On Sun, Mar 17, 2013 at 11:30 PM, Troy Benjegerdes <[email protected]> wrote:

> > The bit bucket has been done a lot.  Not sure about the other one.  But
> > some ISAs have NOT instructions to compensate.  We could always just do
> > this:
> > R1=SUBI(R0,1)
>
> Okay, more than one bitbucket seems silly. But Yann must have had a reason
> for mentioning more than one register.
>
> >
> > >
> > > Now, for one additional thought: What if we allow a special case for
> some
> > > registers where we actually do the write-back, but turn off the
> > > hazard/stall
> > > logic?
> > >
> >
> > Not very useful with multithreading.  Having more threads than pipeline
> > stages obviates this problem.
>
> I'm not completely convinced of this.

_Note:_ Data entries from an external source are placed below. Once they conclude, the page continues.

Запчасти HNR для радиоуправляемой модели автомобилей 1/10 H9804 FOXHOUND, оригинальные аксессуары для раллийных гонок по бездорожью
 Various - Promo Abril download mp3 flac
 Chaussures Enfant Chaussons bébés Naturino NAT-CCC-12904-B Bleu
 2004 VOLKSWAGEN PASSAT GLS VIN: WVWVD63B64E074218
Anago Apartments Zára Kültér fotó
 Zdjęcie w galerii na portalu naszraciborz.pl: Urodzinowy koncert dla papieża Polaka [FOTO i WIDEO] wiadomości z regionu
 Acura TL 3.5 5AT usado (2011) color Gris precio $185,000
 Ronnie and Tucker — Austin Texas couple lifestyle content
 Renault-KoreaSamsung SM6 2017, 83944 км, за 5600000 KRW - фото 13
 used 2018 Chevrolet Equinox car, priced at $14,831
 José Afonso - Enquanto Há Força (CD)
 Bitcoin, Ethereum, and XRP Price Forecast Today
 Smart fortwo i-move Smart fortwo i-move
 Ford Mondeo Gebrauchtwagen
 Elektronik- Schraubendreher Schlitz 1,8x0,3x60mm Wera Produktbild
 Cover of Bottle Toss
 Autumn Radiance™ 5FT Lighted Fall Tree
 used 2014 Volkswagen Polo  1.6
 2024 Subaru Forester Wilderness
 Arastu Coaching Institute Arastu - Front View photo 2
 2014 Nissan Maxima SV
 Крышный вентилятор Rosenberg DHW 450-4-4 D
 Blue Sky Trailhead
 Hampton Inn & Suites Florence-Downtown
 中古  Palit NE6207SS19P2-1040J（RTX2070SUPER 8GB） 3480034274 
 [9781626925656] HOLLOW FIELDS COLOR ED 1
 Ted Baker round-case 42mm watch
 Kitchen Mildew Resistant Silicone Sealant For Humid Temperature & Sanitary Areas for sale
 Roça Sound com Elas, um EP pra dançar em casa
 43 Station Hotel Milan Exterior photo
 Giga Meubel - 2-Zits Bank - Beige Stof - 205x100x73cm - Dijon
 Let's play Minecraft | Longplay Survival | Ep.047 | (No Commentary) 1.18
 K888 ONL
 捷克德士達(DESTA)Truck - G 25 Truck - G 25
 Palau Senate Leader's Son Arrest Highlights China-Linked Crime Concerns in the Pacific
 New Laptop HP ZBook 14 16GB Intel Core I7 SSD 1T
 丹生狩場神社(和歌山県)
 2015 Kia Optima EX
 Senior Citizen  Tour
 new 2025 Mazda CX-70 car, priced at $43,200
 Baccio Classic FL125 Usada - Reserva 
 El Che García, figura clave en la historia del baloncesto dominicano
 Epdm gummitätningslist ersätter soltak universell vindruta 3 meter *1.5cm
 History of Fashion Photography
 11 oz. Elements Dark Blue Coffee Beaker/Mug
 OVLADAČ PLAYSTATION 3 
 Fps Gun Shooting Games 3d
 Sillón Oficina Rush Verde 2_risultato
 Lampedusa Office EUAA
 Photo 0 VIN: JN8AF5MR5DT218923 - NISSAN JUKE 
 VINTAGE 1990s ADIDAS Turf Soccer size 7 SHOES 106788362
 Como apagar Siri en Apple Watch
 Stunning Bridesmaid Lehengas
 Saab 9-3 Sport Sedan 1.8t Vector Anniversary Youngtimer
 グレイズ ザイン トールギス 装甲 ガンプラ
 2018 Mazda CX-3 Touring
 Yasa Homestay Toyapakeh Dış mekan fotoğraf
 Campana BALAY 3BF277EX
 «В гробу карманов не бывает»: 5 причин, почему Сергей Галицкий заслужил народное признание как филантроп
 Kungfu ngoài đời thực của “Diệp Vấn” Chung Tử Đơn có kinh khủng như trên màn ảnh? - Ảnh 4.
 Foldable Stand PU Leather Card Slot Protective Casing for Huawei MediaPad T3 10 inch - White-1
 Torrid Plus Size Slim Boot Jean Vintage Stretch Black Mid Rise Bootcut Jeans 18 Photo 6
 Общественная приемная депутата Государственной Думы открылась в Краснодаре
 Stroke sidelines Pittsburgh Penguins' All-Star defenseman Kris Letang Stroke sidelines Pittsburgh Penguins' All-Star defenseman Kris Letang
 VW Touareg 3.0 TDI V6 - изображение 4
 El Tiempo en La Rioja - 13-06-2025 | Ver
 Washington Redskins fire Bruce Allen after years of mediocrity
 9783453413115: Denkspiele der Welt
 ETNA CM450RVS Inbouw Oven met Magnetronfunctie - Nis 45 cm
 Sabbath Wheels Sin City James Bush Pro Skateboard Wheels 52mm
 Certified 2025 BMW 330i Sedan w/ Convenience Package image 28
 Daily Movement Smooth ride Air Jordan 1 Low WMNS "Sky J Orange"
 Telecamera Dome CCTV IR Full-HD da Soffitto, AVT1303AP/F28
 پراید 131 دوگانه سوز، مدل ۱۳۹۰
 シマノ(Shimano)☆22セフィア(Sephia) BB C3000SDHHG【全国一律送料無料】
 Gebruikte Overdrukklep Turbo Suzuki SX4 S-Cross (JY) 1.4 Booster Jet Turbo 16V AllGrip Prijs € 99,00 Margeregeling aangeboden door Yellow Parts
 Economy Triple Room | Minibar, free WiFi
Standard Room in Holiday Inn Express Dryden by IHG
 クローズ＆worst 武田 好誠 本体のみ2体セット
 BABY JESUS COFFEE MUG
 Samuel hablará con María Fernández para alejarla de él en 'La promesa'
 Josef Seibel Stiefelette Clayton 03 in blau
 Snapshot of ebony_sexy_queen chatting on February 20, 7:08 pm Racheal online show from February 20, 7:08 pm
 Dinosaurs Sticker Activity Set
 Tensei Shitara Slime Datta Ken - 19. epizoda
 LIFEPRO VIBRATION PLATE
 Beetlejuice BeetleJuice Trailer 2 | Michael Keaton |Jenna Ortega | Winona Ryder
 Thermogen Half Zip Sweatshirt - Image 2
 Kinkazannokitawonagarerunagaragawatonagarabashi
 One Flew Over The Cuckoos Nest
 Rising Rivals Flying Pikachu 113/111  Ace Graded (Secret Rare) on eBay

Suppose thread 1 is stalled on a
> memory read, but thread 2 can dump the result required into Rs1 (it should
> probably be called something slightly different than a regular register),
>

Keep in mind that different threads don't share logical register files.
 How do you propose that we make one thread access another's RF?  And how
is that different from accessing a shared scratch memory?  And you still
have the problem of the relative timing of the threads not being
predictable under some circumstances.  What if the producer ends up running
later than the consumers?

It's true that memory stalls can be very lengthy.  But we can't count on
that.  GPUs have cache hierarchies.


>
> >
> > >
> > > I can imagine some parallel code algorithms that really care about the
> > > flags,
> > > and might have 16 threads that do some calculation, and you really only
> > > need
> > > the result from one of those threads, and you don't care which one,
> and if
> > > you know the result will be in R1, but you don't care who put it there.
> > >
> >
> > The idea of this kind of cross-thread communication not through a scratch
> > pad gives me the willies.  Especially if we get a warp divergence, where
> we
> > don't know the relative time of execution.  Also, how do you make sure
> that
> > you get only one thread to produce the result without a warp divergence,
> or
> > how is that different from just having every thread produce the same
> > result?  It would only make sense if that were precomputed by an entirely
> > different earlier kernel, in which case we'd use scratch memory.
> >
> >
> > >
> > > Something in what I said above makes sense in my head, and I'm hoping
> > > someone
> > > else either gets an idea, or can describe something usefull better than
> > > what
> > > I did above.
> > >
> >
> > Maybe I didn't get it.  :)
>
> I didn't explain it very well.. Imagine we're doing some sort of sparse
> matrix (or graph search), and the first thread to get a hit lets us move on
> to the next step, for *all* threads, and if we communicate through a
> register
> rather than hitting address decoding and all that, we might save a few very
> expensive (and stall-prone) pointer lookups into a graph/sparse matrix.
>

There's buckets of research on this.  I assume you're at least somewhat
familiar with it.  Anyhow, the communication path you're talking about
doesn't exist.  The scratch memory is the mechanism that serves this
purpose.  We can make this have the save _effective_ latency as hitting the
RF.


>
> The piece that probably needs to be added for this crazy scheme to work is
> some sort of associated 'Rsc' (register shared context) that has some sort
> of N-bit tag allocated by the operating system.
>

We could window the registers, kinda like SPARC, where some registers are
shared among SPs in the SM.  But with dynamic kernel scheduling, you can't
predict anything about which thread does what.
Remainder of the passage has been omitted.